Ephraim Doner and Bezalel Schatz: of all my friends these are the only two whose educational background I envy. Schatz was educated in his father’s school, in Jerusalem: the Bezalel School of Arts and Crafts. He learned nothing but arts and crafts; all the other subjects which we cram down our children’s throats he learned on the side, and learned them better that way. As for Doner, who was born and raised in Vilna, he had the fortune to have for a grandfather a famous rabbi, known not only as a great scholar but as a man of wisdom. They are blessed, these two friends. They are free spirits. They were not indoctrinated, they were taught to think for themselves. Theirs is still an insatiable curiosity—about everything. Coupled with a healthy disregard for mundane facts. As a reader, Doner is omnivorous. He reads with equal facility in Hebrew, Polish, German, French, Spanish, Italian. Every year he rereads
Don Quixote
. He is one of the half-dozen Americans I know who also reads everything that issues from the pen of Blaise Cendrars.

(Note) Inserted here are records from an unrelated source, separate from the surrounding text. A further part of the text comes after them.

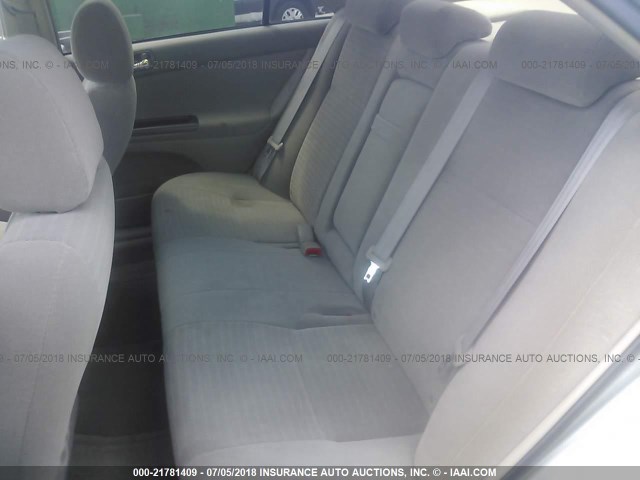 4T1BF32K95U610353 - 2005 TOYOTA CAMRY LE/XLE/SE ნაცრისფერი ფოტო 8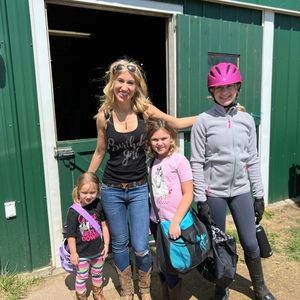 Meet your Posher, Anne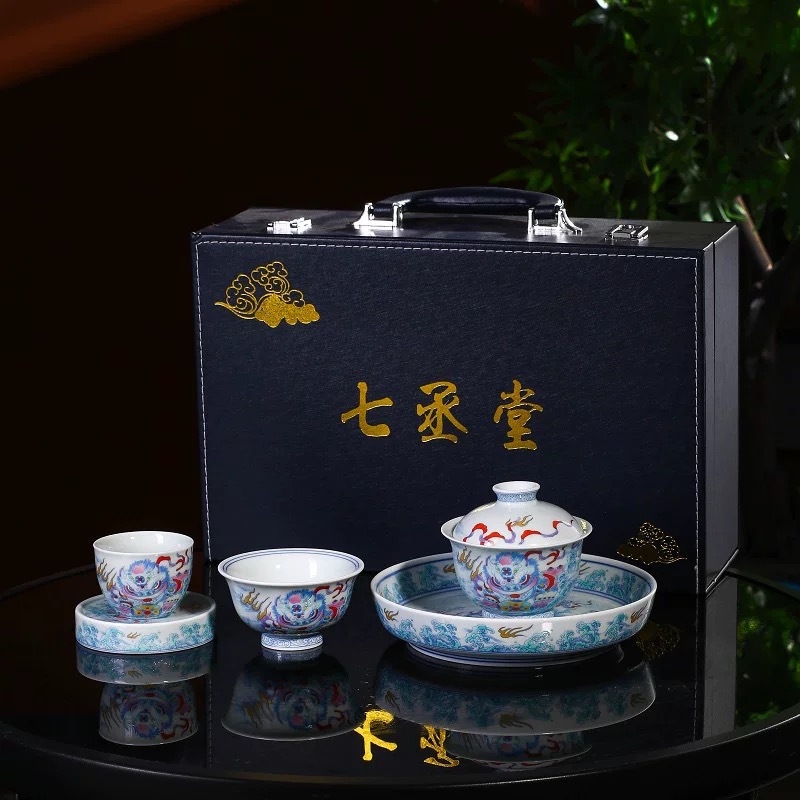 Set ceai Jingdezhen din porțelan Doucai cu leu, cu capac și ceainic, design manual cu motiv leu rostogolitor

Almost every time we go to town we stop at the Doners for dinner. And whenever the Doners make their trip to the sulphur baths they invariably stop at our place for dinner. While waiting for the duck to brown we usually play a few rounds of ping-pong. By the time dinner is ready to be served Tasha has made a half-dozen pictures.

When we are not talking books, food, education (the insanity of it), herbs or painting, we are talking and drinking wine. The leitmotif which runs through all our talk is France. It was in 1931 or ‘32 that I met Doner in Paris. Just once. We did not meet again until he took up residence in the Carmel Highlands, about seven years ago. To hear us talk, you would think that we had spent the greater part of our lives in France. We did, of course, spend the
best
years of our lives there. And we have never forgotten it.